# [Task]
Everything from the line holding "Futuro Sport Tenniselleboogbandage 1 stuk" through the last line of the records should be repeated word for word, and pictures should be omitted.

# [Data listing]
------------------------------------------------------------
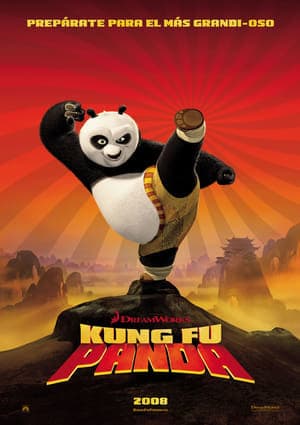 Película Kung Fu Panda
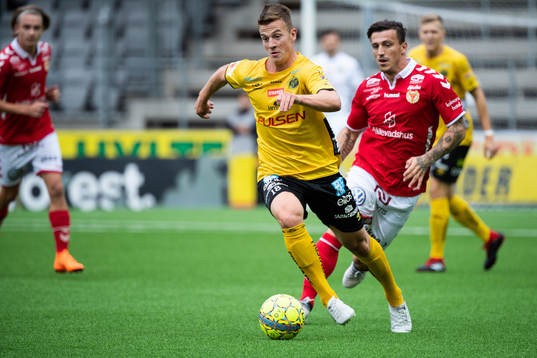 Bläddra bland fler bilder av Fotboll, Allsvenskan, Elfsborg - Kalmar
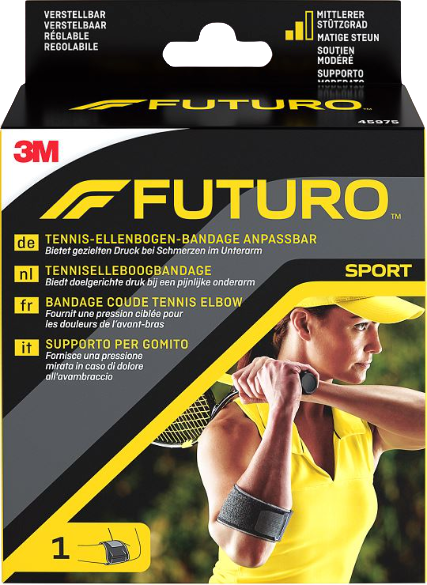 Futuro Sport Tenniselleboogbandage 1 stuk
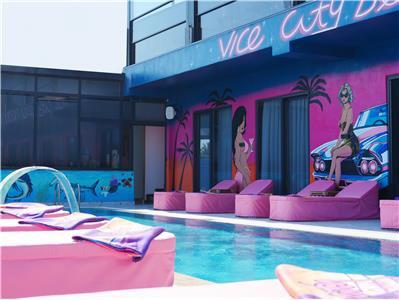 Vice City Beach Resort Otel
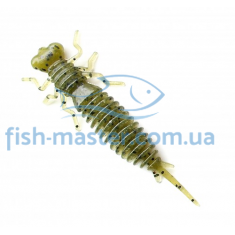 Силикон fanatik larva 1.6"(10шт/упак.)#001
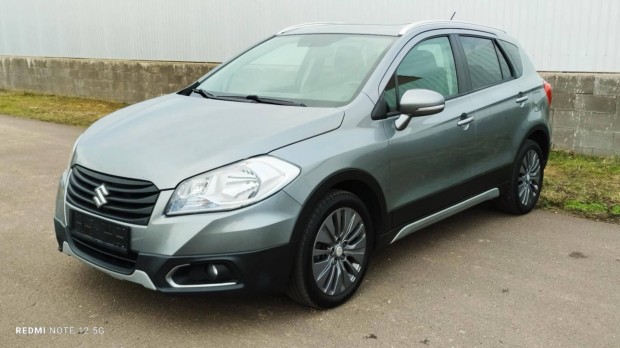 Suzuki SX4 S-Cross 1.6 GLX CVT Automata V�lt�....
------------------------------------------------------------
# [Output of the exercise]
 Futuro Sport Tenniselleboogbandage 1 stuk
 Vice City Beach Resort Otel
 Силикон fanatik larva 1.6"(10шт/упак.)#001
 Suzuki SX4 S-Cross 1.6 GLX CVT Automata V�lt�....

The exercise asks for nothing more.